Stanislav Grof: Un psiquiatra transpersonal

Stanislav Grof, uno de los autores más importantes en el terreno de la Psicoterapia Transpersonal. Empezó como Psiquiatra y Psicoanalista en 1956, investigando sobre alucinógenos con LSD, para buscar una forma de acercamiento y comprensión de los mecanismos de la esquizofrenia. El resultado fue totalmente inesperado, ya que nada tuvieron que ver con la esquizofrenia -que implica aislamiento con respecto al mundo- sino que logró todo lo contrario -mayor apertura al mundo y mayor relación con los problemas internos-.

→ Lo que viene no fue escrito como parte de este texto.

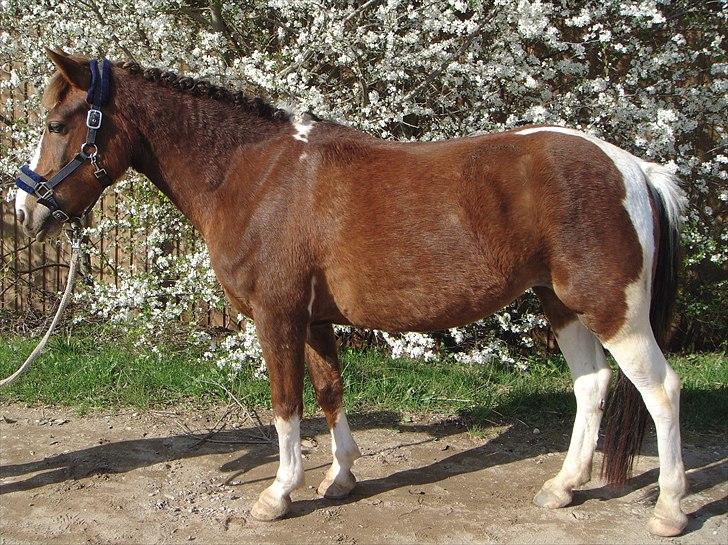 Anden særlig race Chanel - kommunemester 2013 spring - I fuld figur - smukke Nelle billede 9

Esto le llevó en el campo de las experiencias transpersonales, a uno de sus descubrimientos más importantes que fue el de las Matrices Perinatales, en las que describe la transcendencia del marco de la realidad, del espacio y del tiempo, que nos brinda una visión inestimable de los distintos estadios del proceso de nacimiento y las huellas que imprime en el psiquismo de los seres humanos, así como de la psicopatología, destacando del potencial terapéutico de la dimensión religiosa y espiritual. (S. Grof. 1985. Psicología Transpersonal. Ed. Kairos. Barcelona).
Posteriormente desarrolló la técnica de la Respiración Holotrópica, que permite alcanzar esas mismas experiencias prescindiendo de los inconvenientes del uso de los psicotrópicos.
“Las experiencias transpersonales implican una expansión o una ampliación de la conciencia mas allá de las fronteras habituales del ego, y más allá de las limitaciones del tiempo y/o del espacio.” (S. Grof)
La conciencia transpersonal según S. Grof es infinita y trasciende los límites del tiempo y el espacio, límites universales que en realidad son límites de nuestra mente. La conciencia sería transpersonal porque sería independiente de nosotros, siendo una propiedad del universo trascendería el cerebro y nuestros sentidos físicos, pero si mediatizado por estos en la experiencia cotidiana. Por lo tanto, la conciencia de uno esta conectada a la de los demás.
Stanislav Grof dijo: “Si queremos comprender el reino de lo transpersonal debemos concebir la conciencia de una manera completamente nueva. Sólo entonces podremos atisbar más allá de la creencia de que la conciencia es un producto del cerebro humano, que se halla confinada en el interior de la estructura ósea de nuestro cráneo y que, en consecuencia, es el fruto de nuestra vida individual.
En la medida en que aceptemos la noción de lo transpersonal podremos empezar a considerar que la conciencia también existe fuera, que es independiente de nosotros y que no se halla intrínsecamente ligada a la materia. Contrariamente a lo que parece mostrarnos la experiencia cotidiana, la conciencia es independiente de nuestros sentidos físicos, aunque se halle, no obstante, mediatizada por ellos en nuestra percepción cotidiana de la vida.”
“Por más que lo intentemos somos incapaces de liberarnos de los prejuicios impuestos por la cultura y por lo que suponemos que es el sentido común. No obstante, para sostener estas ilusiones debemos seguir ignorando el amplio cuerpo de observaciones y datos que nos proporciona la moderna investigación sobre la conciencia y otras disciplinas científicas que parecen confirmar la evidencia de que el universo y el psiquismo humano carecen de límites. Cada uno de nosotros está conectado y, al mismo tiempo, es una expresión de la totalidad de la existencia.”
“No hace más de veinte años que la conciencia transpersonal se ha convertido en objeto de la investigación científica rigurosa. Antes de esa fecha las experiencias transpersonales sólo tenían sentido dentro del marco de lo espiritual, lo místico, lo religioso, lo mágico y lo paranormal, un dominio, por tanto, privativo de los sacerdotes y los místicos y carente de todo interés para los científicos”.
En la actualidad, la física moderna ha ayudado a comprender mejor a las filosofías milenarias y dándole un mayor prestigio a la psicología transpersonal. Por eso, se puede decir “paradigma transpersonal”, porque la comunidad científica poco a poco comienza a identificarse con lo transpersonal.
Lo transpersonal implica una ampliación de la conciencia que trasciende las fronteras corporales y mentales, englobando todo el espectro de la existencia. Esto se debe a que es una ilusión mental la diferencia entre nosotros y el universo. Y como he dicho anteriormente, la física moderna (ej. Einstein) parece estar de acuerdo en este sentido con las culturas orientales. Por lo tanto, la expansión de la conciencia desdibujaría la ilusión de la separatividad entre los humanos y el medio, y nos conectaría con la unidad o la totalidad. En este sentido, podríamos afirma que la psicología transpersonal es una disciplina que se adecua perfectamente a los modernos descubrimientos científicos.
Por lo tanto, como dijo Rupert Sheldrake, el cerebro no sería el productor de conciencia como siempre se dijo, sino un receptor de conciencia.